Find less boring "real" work. I generally find that the amount of time I spend
on HN is proportional to how bored I am with my job. If the work really is
interesting, I find that I almost have to force myself to use HN just to take
a break.

------
yelongren
The problem of input (reading, listening, watching) without output (writing,
speaking, doing) is that, at the end of the day, you have nothing to show for
your time. And since none of us are telepaths, to the outside world, it is
like you haven't even existed that day.

------
jackularity
>On the surface, it feels great; learning, gaining knowledge and understanding
is fantastic [...] >but I need to be a creator, not a consumer

But _learning is also creative_. All knowledge must be conjectured afresh in
the mind that learns it -- the process is the same whether the knowledge is
known by others or not.

Knowledge gained from TV and browsing and consuming is of value in life,
including in creative projects.

If one is feeling addicted or jaded or whatever then what this really means is
that browsing has been used to _distract_ one from other, more pressing,
problems, e.g. personal problems

There's no reason not to do both, in whatever ratio seems fit. Cutting oneself
off from the culture would be detrimental to one's original work.

------
ClintonWu
Great post on something that affects me. Partially why I'm creating Skim.Me
(<http://skim.me>). You tell us how much time you have and we curate your
routine in one feed.
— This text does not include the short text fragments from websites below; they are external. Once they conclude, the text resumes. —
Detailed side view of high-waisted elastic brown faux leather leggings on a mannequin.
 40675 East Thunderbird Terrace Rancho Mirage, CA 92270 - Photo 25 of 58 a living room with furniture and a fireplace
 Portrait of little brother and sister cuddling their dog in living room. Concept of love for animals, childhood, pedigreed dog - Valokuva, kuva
All the content in one ecosystem. Not just news and
social but all applicable verticals in the future. For those that are ok
giving up their browsing history for us to analyze. Probably not everyone.

------
funkah
I guess I don't agree with our current reverence for creation. It's easy to
create things and shove them out into the world. The work that comes after,
though, is unsexy, unglamorous, and usually less fun than the creation part.
It's also where most of the value comes from.